In the first two (lower) blocks in the diagram, features are extracted from the noisy speech and fed, as inputs, into a machine learning algorithm which estimates a bounded two-dimensional quantity known as a “Time-Frequency mask”. The noisy speech is then converted into the time-frequency domain using the Short-Time Fourier Transform (STFT), and the estimated mask is applied to the signal. Finally, the enhanced speech is converted back into the time-domain.
The spectrograms below show examples of a clean speech signal (top), the speech after being contaminated by noise from multiple interfering speakers (A), the mask produced by the “Estimate TF mask” block (B), and the enhanced speech (C). The labels A, B and C correspond to the labels on the diagram above.

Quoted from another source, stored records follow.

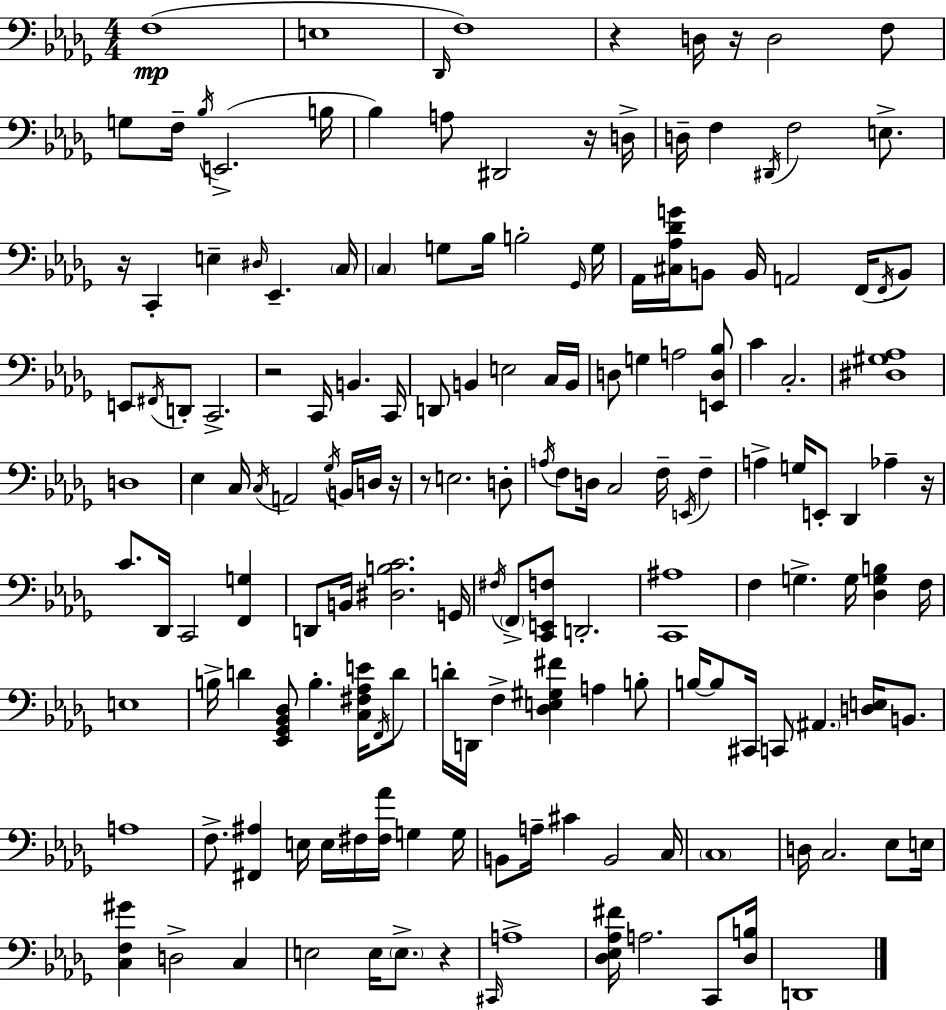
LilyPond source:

{
  \clef bass
  \numericTimeSignature
  \time 4/4
  \key bes \minor
  f1(\mp | e1 | \grace { des,16 } f1) | r4 d16 r16 d2 f8 | \break g8 f16-- \acciaccatura { bes16 } e,2.->( | b16 bes4) a8 dis,2 | r16 d16-> d16-- f4 \acciaccatura { dis,16 } f2 | e8.-> r16 c,4-. e4-- \grace { dis16 } ees,4.-- | \break \parenthesize c16 \parenthesize c4 g8 bes16 b2-. | \grace { ges,16 } g16 aes,16 <cis aes des' g'>16 b,8 b,16 a,2 | f,16( \acciaccatura { f,16 } b,8) e,8 \acciaccatura { fis,16 } d,8-. c,2.-> | r2 c,16 | \break b,4. c,16 d,8 b,4 e2 | c16 b,16 d8 g4 a2 | <e, d bes>8 c'4 c2.-. | <dis gis aes>1 | \break d1 | ees4 c16 \acciaccatura { c16 } a,2 | \acciaccatura { ges16 } b,16 d16 r16 r8 e2. | d8-. \acciaccatura { a16 } f8 d16 c2 | \break f16-- \acciaccatura { e,16 } f4-- a4-> g16 | e,8-. des,4 aes4-- r16 c'8. des,16 c,2 | <f, g>4 d,8 b,16 <dis b c'>2. | g,16 \acciaccatura { fis16 } \parenthesize f,8-> <c, e, f>8 | \break d,2.-. <c, ais>1 | f4 | g4.-> g16 <des g b>4 f16 e1 | b16-> d'4 | \break <ees, ges, bes, des>8 b4.-. <c fis aes e'>16 \acciaccatura { f,16 } d'8 d'16-. d,16 f4-> | <des e gis fis'>4 a4 b8-. b16~~ b8 | cis,16 c,8 \parenthesize ais,4. <d e>16 b,8. a1 | f8.-> | \break <fis, ais>4 e16 e16 fis16 <fis aes'>16 g4 g16 b,8 a16-- | cis'4 b,2 c16 \parenthesize c1 | d16 c2. | ees8 e16 <c f gis'>4 | \break d2-> c4 e2 | e16 \parenthesize e8.-> r4 \grace { cis,16 } a1-> | <des ees aes fis'>16 a2. | c,8 <des b>16 d,1 | \break \bar "|."
}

From the spectrograms, it is clear that the estimated mask (B) mirrors the time-frequency pattern of energy in the original clean speech. Equivalently, the mask captures the pattern of spectro-temporal amplitude modulation in the clean speech. These modulations, which are known to be important for speech intelligibility, are then reintroduced into the noisy speech by the “Apply mask” module, resulting in an increase in predicted intelligibility. After applying the mask, the modulation pattern in the speech (C) is now much closer to the pattern in the clean speech (top).

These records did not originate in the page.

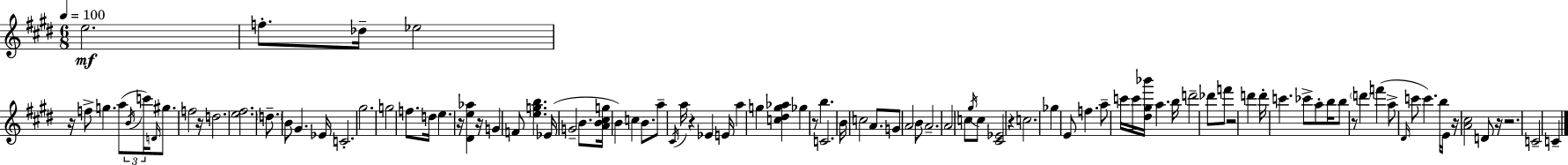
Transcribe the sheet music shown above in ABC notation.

X:1
T:Untitled
M:6/8
L:1/4
K:E
e2 f/2 _d/4 _e2 z/4 f/2 g a/2 B/4 c'/4 D/4 ^g/2 f2 z/4 d2 [e^f]2 d/2 B/2 ^G _E/4 C2 ^g2 g2 f/2 d/4 e z/4 [^De_a] z/4 G F/2 [egb] _E/4 G2 B/2 [AB^cg]/4 B c B/2 a/2 ^C/4 a/4 z _E E/4 a g [c^dg_a] _g z/2 b C2 B/4 c2 A/2 G/2 A2 B/2 A2 A2 c/2 ^g/4 c/2 [^C_E]2 z c2 _g E/2 f a/2 c'/4 c'/4 [^d^g_b']/4 a b/4 d'2 _d'/2 f'/2 z2 d' d'/4 c' _c'/2 a/2 b/4 b/2 z/2 d' f' a/2 ^D/4 c'/2 c' b/4 E/4 z/4 [A^c]2 D/2 z/4 z2 C2 C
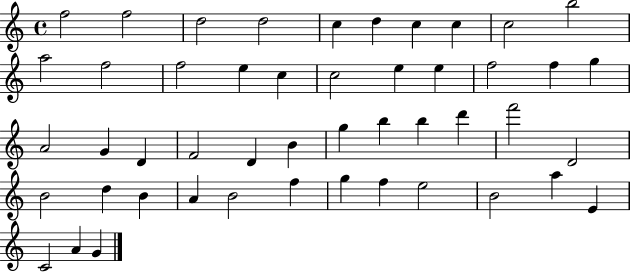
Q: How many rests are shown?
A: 0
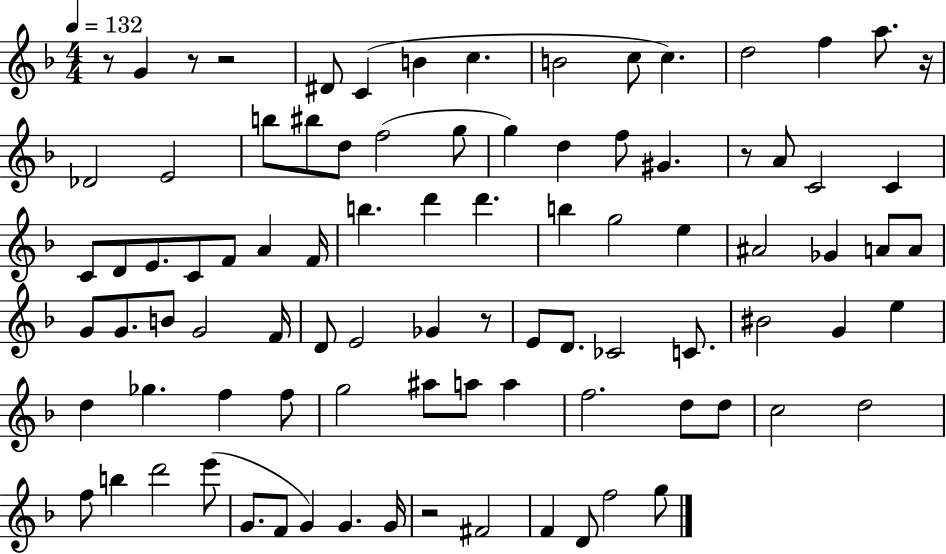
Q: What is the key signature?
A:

The approach I am currently exploring in my research involves training a neural network to estimate a modified version of a target mask developed earlier in my PhD. This target mask optimises the predicted intelligibility of the binary masked speech, where the predicted intelligibility is obtained using another algorithm developed during my PhD. Our proposed approach to applying the mask involves using the mask to obtain a probability distribution on the clean speech and incorporating this as prior information into a modified speech enhancer.
The enhanced speech in these samples was produced using the neural network based approach developed during my PhD (described above).
From the spectrograms of speech, it is clear that the speech in neighbouring frames (discrete points in time) is highly correlated. This correlation can be exploited to estimate the mask more accurately. One approach is to use a “feature window” covering several frames. This is illustrated below. Features within a sliding window (upper plot) are concatenated and used as inputs to a feed-forward neural network, which simultaneously estimates all of the mask values within another sliding window, the “estimation window” (lower plot). The windows then shift forward by one frame to the position shown by the dotted line, and the procedure is repeated. Using an estimation window results in several mask estimates for each mask bin, which are averaged to produced the final mask estimate. The purpose of averaging several mask estimates is to lessen the effect of individual mask estimation errors.
An alternative way of exploiting the correlation in the signal is to use a recurrent neural network with Long Short-Term Memory (LSTM). A single LSTM layer or “cell” is shown below. The LSTM cell contains internal memory in the form of a cell state whose value is controlled by two gates—a forget gate and an input gate. The forget gate controls the amount of information to discard from the cell state, and the input gate controls the degree to which the cell state is updated with new values. When the forget gate is “on” and the input gate is “off”, the cell state remains unchanged over successive frames. This enables LSTMs to retain information in their memory for long periods, which in turn enables them to model long dependencies between inputs and outputs.
In two upcoming journal papers, and my thesis, I will investigate different choices of feature sets, target masks, estimation algorithms, and methods for applying the estimated masks.